Capital is flowing freely in the market. Every week, I hear about another friend's company getting funded. Some are building voice bots, others are creating dev tools, and still others are tackling QA testing or social causes. Many of these are essentially "ChatGPT wrappers." While there's nothing inherently wrong with that, if your goal is to revolutionize a horizontal industry, you need a strong moat.
For a horizontal SaaS, the biggest moat (after solving a core customer pain point) is its technology and product experience. For a vertical SaaS, however, the moat is built on distribution and deep integrations. In the coming years, giants like OpenAI and Google will likely dominate the general AI landscape. Without a deep technology moat, you’ll either be acquired or dead-pooled when a big tech company releases its own version of your product.
This isn't to say horizontal SaaS isn't worth building; it's where many of the most innovative companies are born. The risk, however, lies in building on someone else's core technology. For instance, if you're building a voice bot infrastructure using Livekit on the backend, what's to stop Livekit from eventually competing with you directly? It’s simply difficult to build a defensible horizontal SaaS business without a true tech advantage.

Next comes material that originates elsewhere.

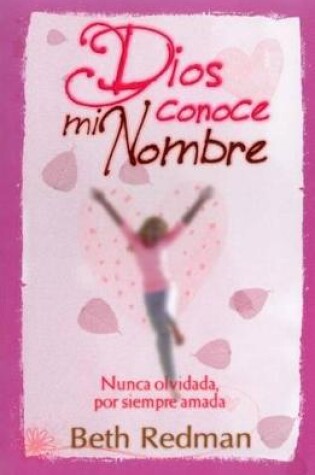 Cover of Dios Conoce Mi Nombre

This is where vertical SaaS shines.
Countless age-old industries like real estate, healthcare, construction, and law are still massively underserved by technology. This creates low-competition, high-reward opportunities for startups to dominate a niche. Building an MVP is often more straightforward, and solving a specific, known problem makes it easier to demonstrate value. Consequently, getting users to pay becomes simpler, especially if you can show a clear return on investment (ROI) of 4x or more.
Today's customers crave industry-specific solutions. They don't just want a CRM; they want a real estate CRM or a legal practice CRM. When you tailor your product's entire workflow and feel to a specific industry, you become invaluable. If you're using AI, this means moving beyond generic models and providing ones fine-tuned on industry-specific data. This creates a powerful feedback loop that makes your product and your moat stronger with every new customer.
Unlike broad platforms that require endless customization, vertical SaaS delivers instant value with out-of-the-box compliance, industry-specific workflows, and pre-built analytics. Teams get results faster, which leads to quicker adoption and deeper loyalty.
Here’s a breakdown of how I am working on building a Real Estate product.
Pick a Niche and Become an Expert. Start with an industry you have some exposure to. Let's say you pick the automobile sector. Don't just interview people, shadow them. Live their workday. Aim to become a domain expert in a month. Take notes, ask questions (no matter how dumb), and constantly ask, "Why is this process the way it is, and is there a better way?"
Build a Lean MVP to Solve One Problem. Once you have a clear problem statement, build a simple solution. Use no-code tools like n8n, Google Sheets, simple forms, or even a WhatsApp group to get started. The goal is to solve the problem, not to build a perfect product.
Iterate and Expand. Iterate on your MVP until you find product-market fit (PMF). Once you've truly solved that first problem, find the next one.
Solving one problem is cool, but you know what's cooler? Becoming the de facto solution for the entire vertical. Your goal is to create an ecosystem with network effects, replacing their disparate tools with your integrated platform. If some tools are irreplaceable, partner with them. This is how you build your distribution moat and win the market.